-- EXERCISE DESCRIPTION --
Beginning with the line that has "Bestseller Old Fashioned" and ending with the line that has "A vivid aerial", retype the entries below exactly, except for the pictures.

-- INPUT DATA --
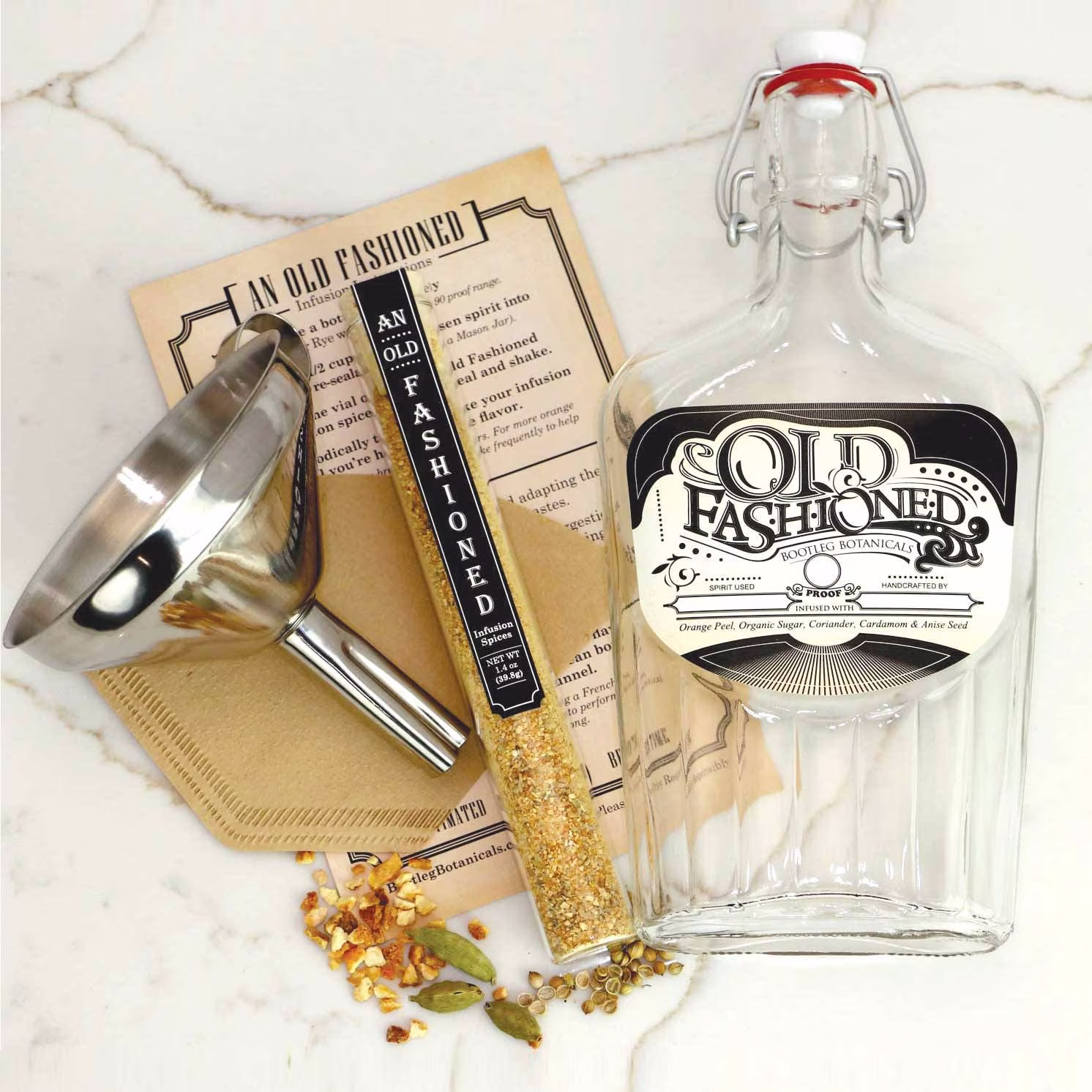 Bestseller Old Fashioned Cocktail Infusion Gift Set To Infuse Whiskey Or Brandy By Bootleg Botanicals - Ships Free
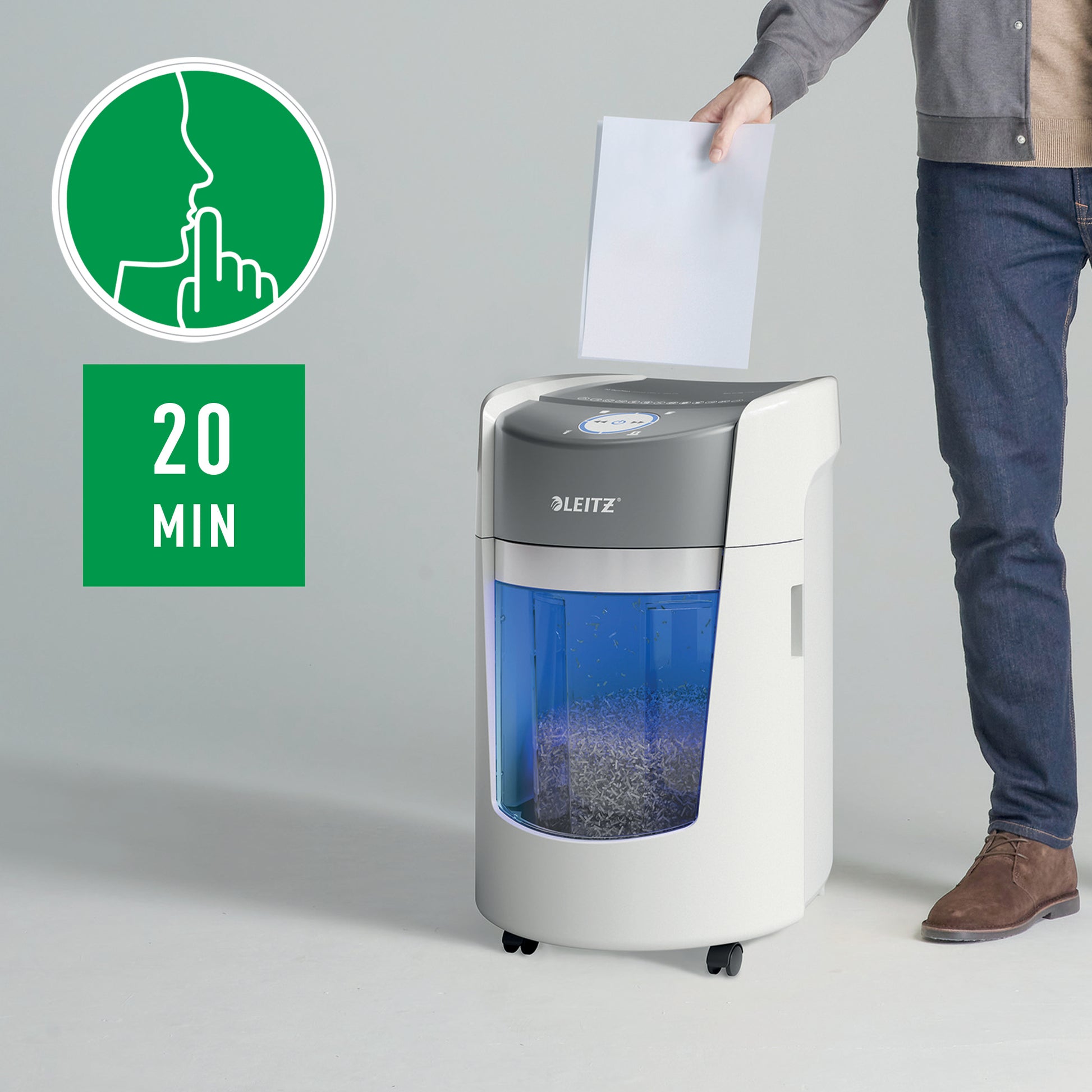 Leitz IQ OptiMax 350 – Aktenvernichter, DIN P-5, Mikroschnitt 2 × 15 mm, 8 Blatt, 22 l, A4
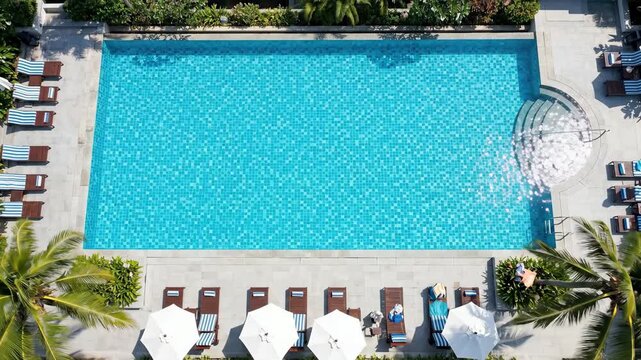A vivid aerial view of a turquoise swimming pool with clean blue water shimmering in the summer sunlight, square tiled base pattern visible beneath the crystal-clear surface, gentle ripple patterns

...

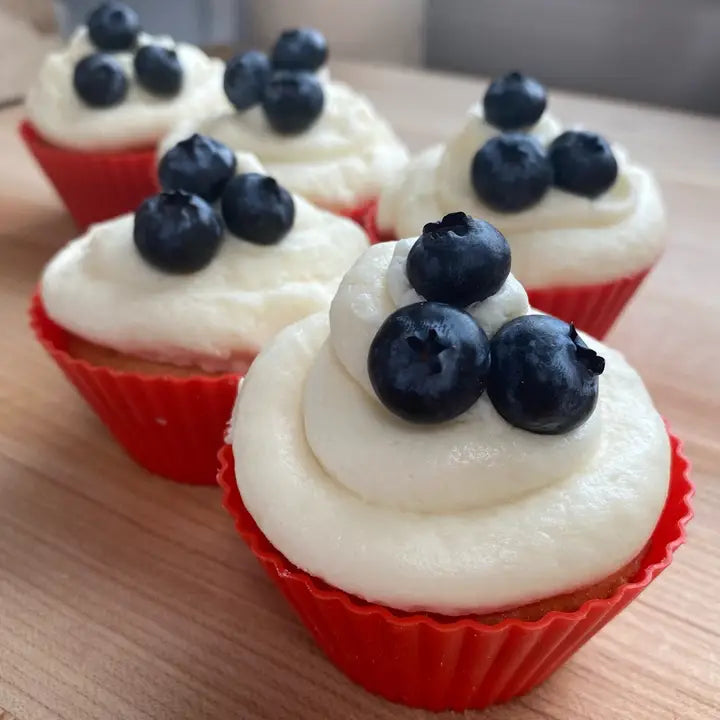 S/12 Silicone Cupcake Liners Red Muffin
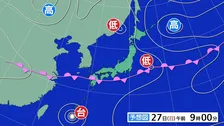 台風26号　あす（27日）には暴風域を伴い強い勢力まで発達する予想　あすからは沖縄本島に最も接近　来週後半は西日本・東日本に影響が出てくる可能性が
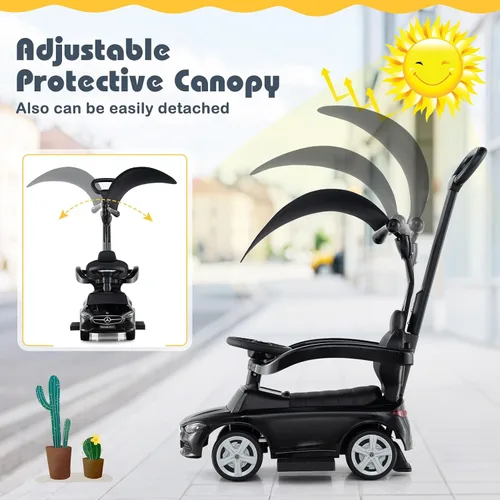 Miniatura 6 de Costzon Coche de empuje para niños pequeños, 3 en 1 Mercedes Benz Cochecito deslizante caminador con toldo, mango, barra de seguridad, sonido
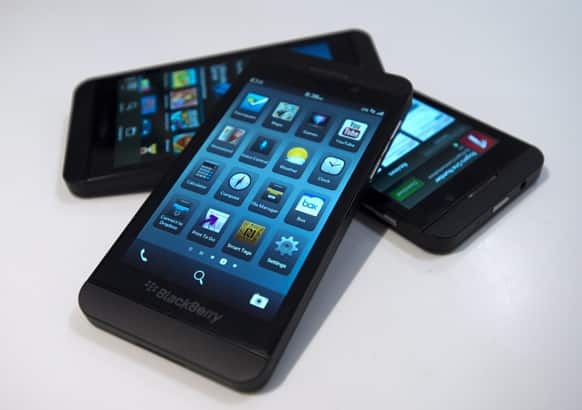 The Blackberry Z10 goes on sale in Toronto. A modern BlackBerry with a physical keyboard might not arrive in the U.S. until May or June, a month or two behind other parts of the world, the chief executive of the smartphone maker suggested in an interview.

-- PROBLEM SOLUTION --
 Bestseller Old Fashioned Cocktail Infusion Gift Set To Infuse Whiskey Or Brandy By Bootleg Botanicals - Ships Free
 Leitz IQ OptiMax 350 – Aktenvernichter, DIN P-5, Mikroschnitt 2 × 15 mm, 8 Blatt, 22 l, A4
A vivid aerial view of a turquoise swimming pool with clean blue water shimmering in the summer sunlight, square tiled base pattern visible beneath the crystal-clear surface, gentle ripple patterns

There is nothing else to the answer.